Political Notebook: Chinese Takeaway (1978)

The Political Notebook Column from the December 1978 issue of the Socialist Standard

Last month’s Notebook looked at the current goings on in the big two and a half political parties. This month we turn our attention to what are commonly referred to as 'the extremists', a euphemism for those organisations which pursue the same sterile policies as Lib-Lab-Con, but haven't got many members.


Chinese Takeaway

Bad news for a few hundred million Chinese peasants. That famous book of everyday slogans for work, rest and sleep,  Quotations From The Thoughts of Chairman Mao Tse-Tung. is no longer to be treated like the bible. The Chinese leadership — and the Maoists in the West — have decided that the time has come to end the deification of Mao. So, after a quarter of a century in which Chinese workers and peasants have been taught to learn the words of the great book parrot-fashion, it seems that all has changed. Indeed, Maoist bookshops in London seem to have stopped displaying the little red book, the Chinese Embassy has stopped giving away free copies and even the tramp who used to sell them at Speakers' Corner for thirty pence a copy has been given the push. It can be predicted that by 2001 — the year by which Mao says China will have become ‘a powerful socialist country' (p.179) — the little red book will be as scarce as the collected works of Stalin in Russia today.

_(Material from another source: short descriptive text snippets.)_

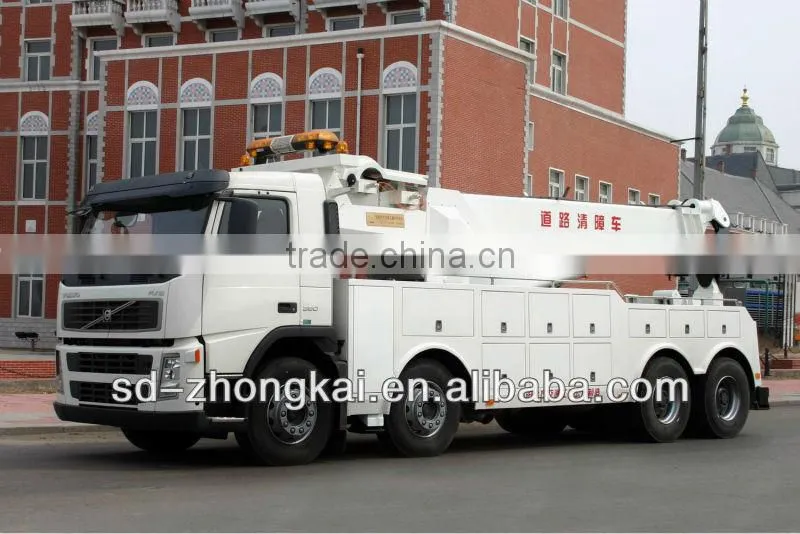 KaiFan Heavy-duty H Series (VOLVO) Road Wrecker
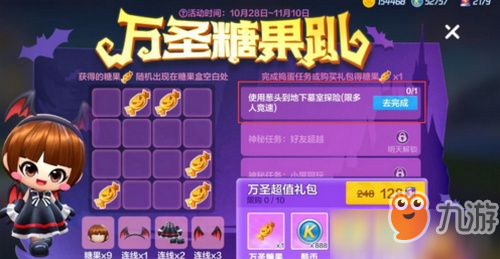 <a id='link_pop' class='keyword-tag' href='https://www.9game.cn/paopaokadingche1/'>跑跑卡丁车手游</a>使用葱头到地下墓室探险是哪个图 使用葱头到地下墓室探险完成攻略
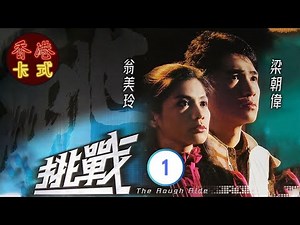 【梁朝偉 翁美玲TVB劇】 挑戰 01/40 | 呂良偉、歐陽佩珊、陳敏兒、夏雨 | 粵語 | TVB 1985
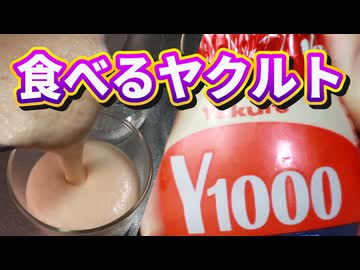 アガーを使って【ヤクルトスイーツ】（嫌がる娘に無理やり弁当を持たせてみた息子編）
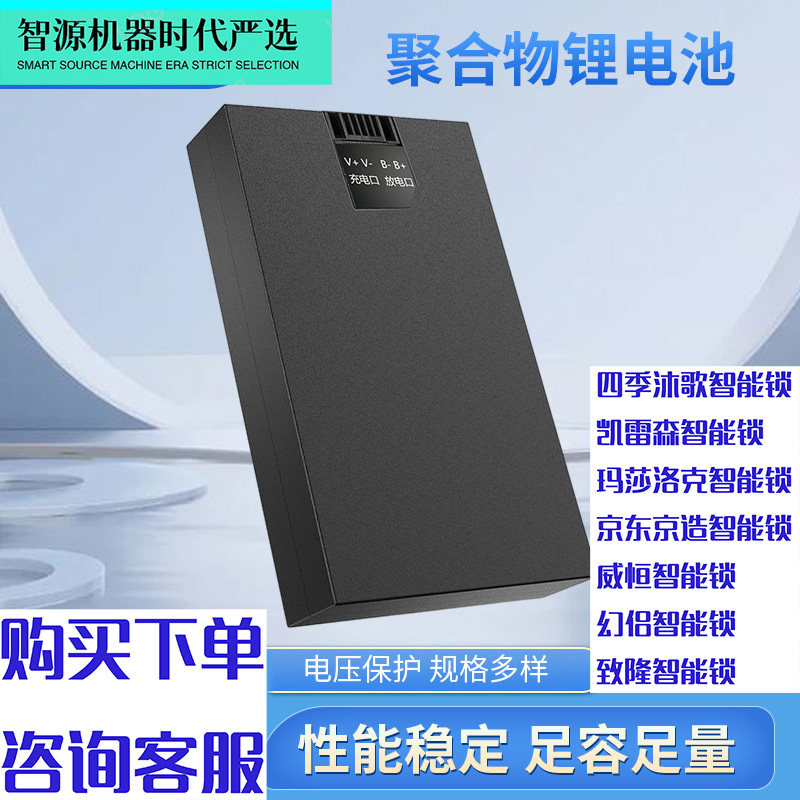 四季沐歌凯雷森威恒玛莎洛克京东京造幻侣致隆密码指纹锁充电电池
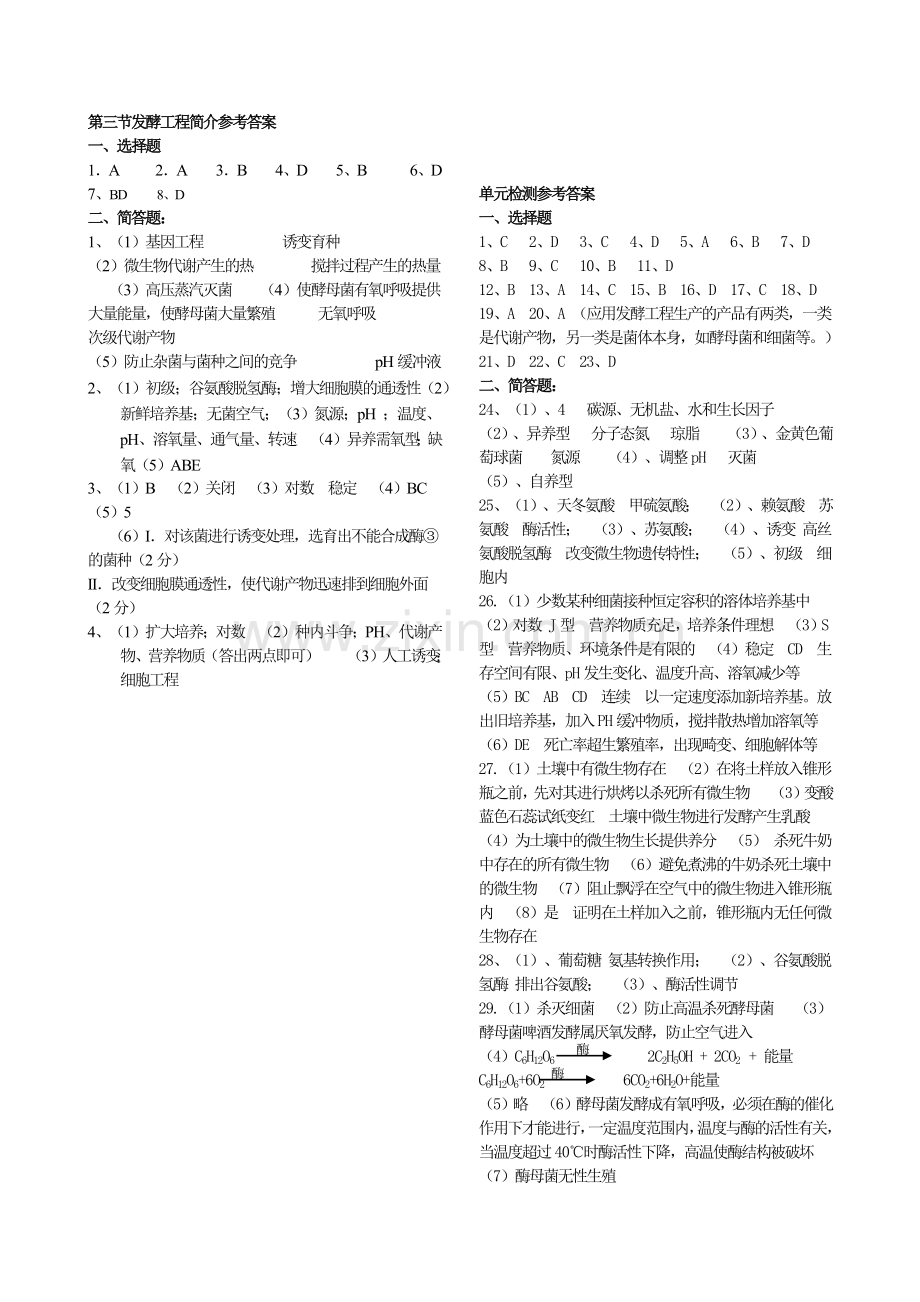 微生物和发酵工程练习06答案(正式1).docx_第3页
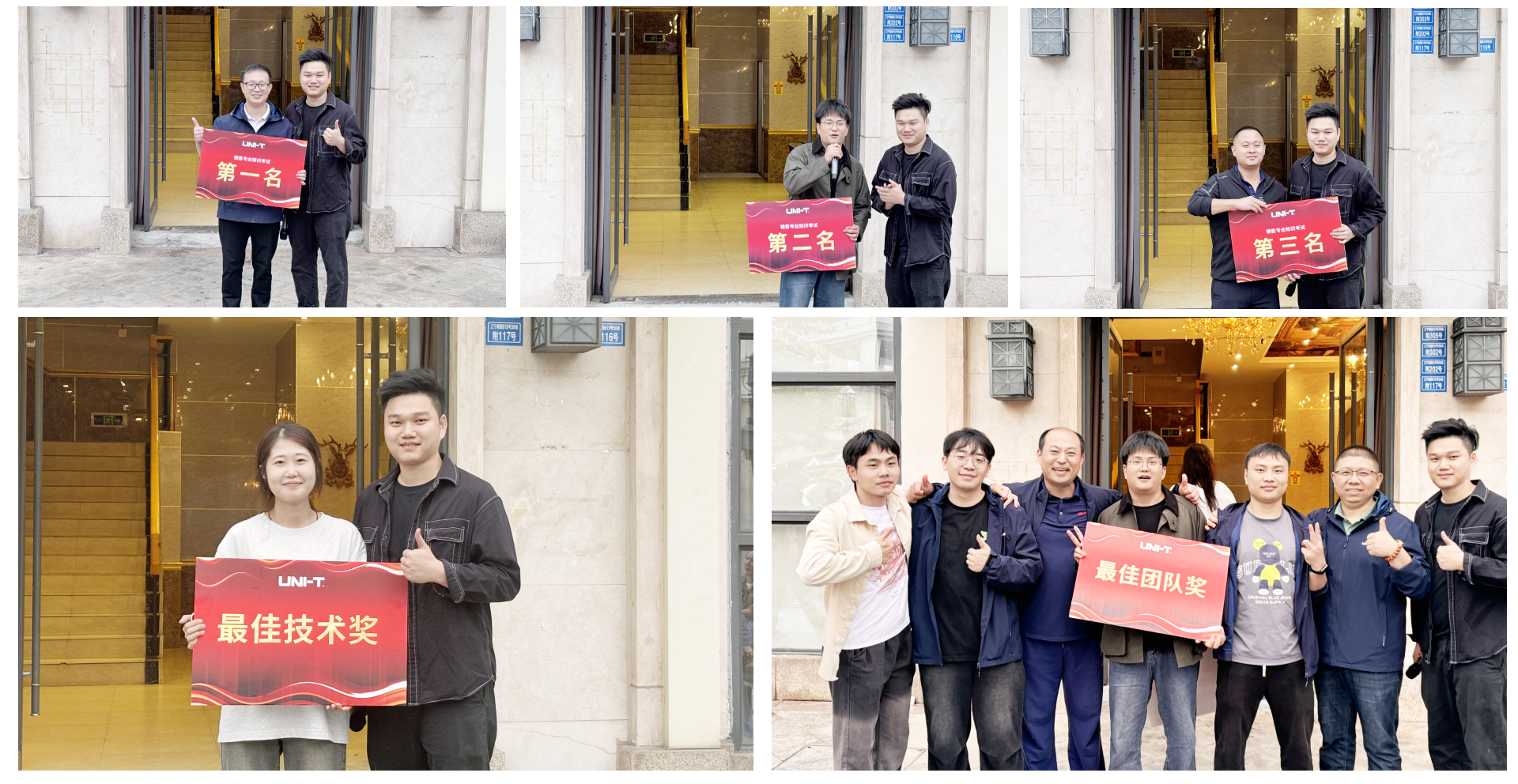 1728548729170179.png 新建 PPT 演示文稿_01(2).png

Mao’s book contains the following passage:
    . . . US imperialism has made itself the enemy of the people of the world and has increasingly isolated itself. Those who refuse to be enslaved will never be cowed by the atom bombs and hydrogen bombs in the hands of the US imperialists. The raging tide of the people of the world against the US aggressors is irresistable. (p.78. written in 1964).
We wonder whether the book’s withdrawal could possibly have anything to do with the fact that China is now a diplomatic ally of the USA against Russia, is itself an imperialist power and has recently placed a multi-million pound order for Harrier jump-jets with the British Government.


A Front for What?

Mr. John Tyndall, like most of his good and sturdy fellow National Front leaders, is a man with convictions. In the case of Tyndall, these have sometimes been for breaking the law. It is interesting to read, in the NF paper. Spearhead, No. 18. just what Tyndall's idea of 'restoring law and order' involves:
    Driving out of Carnaby Street I beheld walking about a species of humanity that 1 thought only existed in the wilder forms of horror fiction and I resolved there and then that if I ever revisited this neighbourhood in the future it would not be at the wheel of a car but at the tiller of a chieftain tank, preferably with a flame thrower apparatus attached as an extra, and a large refuse van bringing up the rear.
Are we honestly supposed to treat the National Front as a serious political party?


Vanessa's Revolution

Down at the High Court, Ms. Vanessa Redgrave (actress) and Mr. David Astor (former editor of The Observer) argued about whether the Trotskyist Workers' Revolutionary Party is a 'nasty, despicable, ludicrous and silly’ party (as Mr. John Wilmers QC. appearing for Ms Redgrave neatly put it), or not. The case concerned an article entitled "Vanessa and the Red House Mystery”, published by The Observer in 1975. The article described events involving an actress. Irene Gorst, which are alleged to have taken place at the WRP's ‘education school’ in the Derbyshire Peak District. Ms Gorst claimed that she was forcibly detained at ‘the school', subjected to political indoctrination and told of stores of hidden arms in the basement of 'the Red House'. Clearly, it was not for us, but for the Defenders of British Justice, to determine whether Ms Gorst's story was a complete fabrication or whether, as we've always believed, the WRP comprises a crowd of crazy fantasists, waiting to re-enact the events of Petrograd 1917 in the streets of Derby. Whether or not it’s true that they’ve got a few rifles hidden in the closet, the plain fact is that the entire Leninist concept of revolution. based upon enlightened leaders and armed uprising, is doomed to failure in the capitalism of 1978. So that’s why you’re 'nasty, despicable, ludicrous and silly', Vanessa. And you can’t sue us for libel for writing that.


Star Wars

The Communist Party also went to Court last month to try and stop the new soft porn daily from calling itself the Daily Star in case readers mix it up with the Morning Star. If readers ever began to confuse what’s written in the Socialist Standard with the nonsense in the London Evening Standard, we'd politely tell our editorial committee that it's time they gave up the job.
Steve Coleman

Flaming Forests (2017)

From the August 2017 issue of the Socialist Standard

High temperatures and heat-waves are spreading like...wild-fires.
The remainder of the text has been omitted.